The simulator is implemented in Scala and the plotting scripts are implemented in Python. We have tested the simulator on Ubuntu 20.04 with Python 3.7.5, Scala 2.13.4, SBT 1.4.4, and OpenJDK GraalVM CE 20.1.0.

Required software dependencies can be installed either using Docker or manually

Docker

Build docker image

This prepares Scala, JDK, Python3 and builds the jar:

docker build --build-arg HOST_USER=$(id -u -n) --build-arg HOST_UID=$(id -u) -t asplos21-hire/runner:latest .

When you modify the simulator codebase, you must rebuild the jar:

docker run -it -v $PWD:/app --rm asplos21-hire/runner sbt assembly

Manual Setup

  1. Install Python3, JDK 11, and SBT as required
  2. Install Python3 dependencies
pip3 install -r requirements.txt
# or using a virtual environment...
python3 -m venv ./py-env
source "./py-env/bin/activate"
pip3 install -r requirements.txt
  1. Build jar

(You must rebuild the jar when modifying the simulator codebase)

sbt assembly

Prepare Cluster Trace

Before you can run any of the experiments, you must prepare the cluster trace. You can either download the pre-compiled traces files or build them manually:

Pre-compiled cluster trace

Download zip archive from https://zenodo.org/record/4419041/files/traces.zip?download=1. Extract archive into this directory. This creates the following nested folder: THIS_REPO/traces/alibaba_trace_2018/

Manually prepare cluster trace

This requires appx. 10GB RAM.

  1. Download (batch_task.csv, container_meta.csv, machine_meta.csv) from https://github.com/alibaba/clusterdata/blob/master/cluster-trace-v2018/ and save them in THIS_REPO/traces/alibaba_trace_2018

  2. Prepare trace for simulator:

# with Docker setup:
docker run -it -v $PWD:/app --rm asplos21-hire/runner ./bootstrap-traces.sh  
# wihtout Docker:
./bootstrap-traces.sh  

Experiment workflow explained

All following commands use the Docker setup. If you don't use Docker, simply remove docker run -it -v $PWD:/app --rm asplos21-hire/runner from each of the commands.

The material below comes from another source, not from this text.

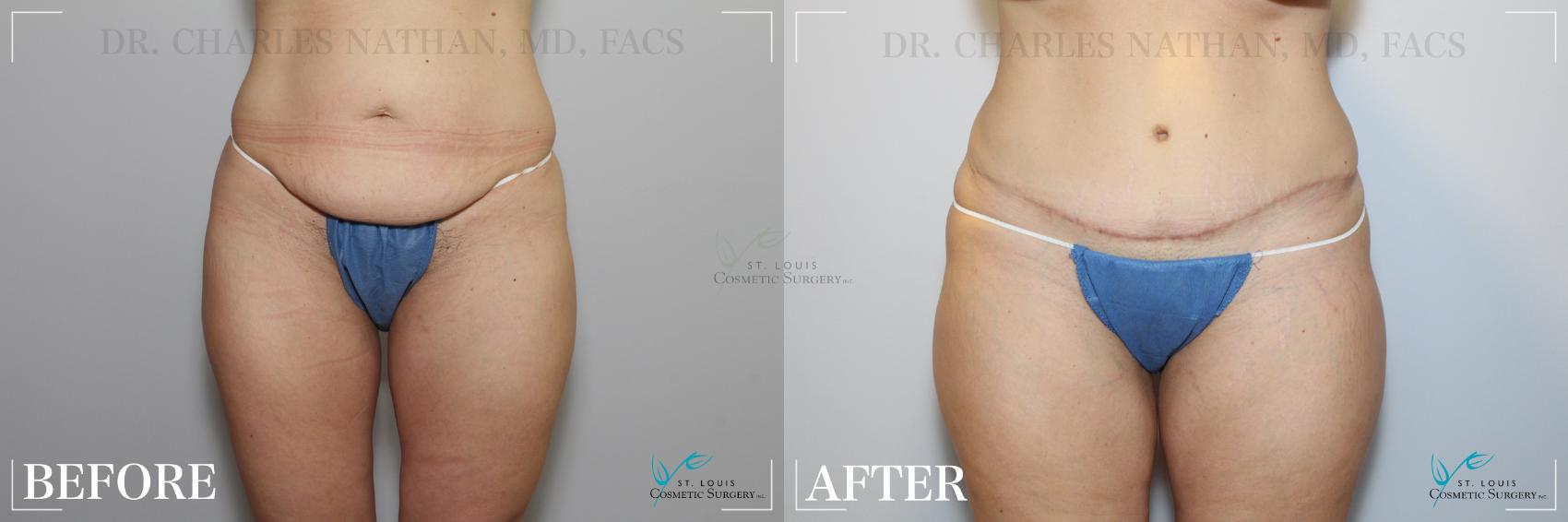 Before & After Tummy Tuck Case 265 Front View in St. Louis, MO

  • When you update the simulator, rebuild the jar (docker run -it -v $PWD:/app --rm asplos21-hire/runner sbt assembly)

  • Experiment bash scripts are stored in src/main/evaluation/experiments. You may want to configure

    • the number of parallel worker threads: --worker XX
    • the memory limit for each worker: --memory 30

    You may want to change the parameter sweeps for an experiment. E.g., seed=0:1:2 defines 3 values for parameter seed

  • The experiment bash scripts invoke the Python ExpRunner.py which manages the JVM workers.

    When you pass the --dry argument to the experiment runner, you will enter an interactive bash. Press [up] [down] for checking all experiment configurations and press p to print the command line arguments for the selected configuration. This is intended to serve as a sanity check before starting all experiments.

    E.g.,

    docker run -it -v $PWD:/app --rm asplos21-hire/runner \
      ./src/main/evaluation/experiments/exp-asplos-baselines-k8.sh --dry
  • To start the experiments, invoke the experiment bash script without the --dry option.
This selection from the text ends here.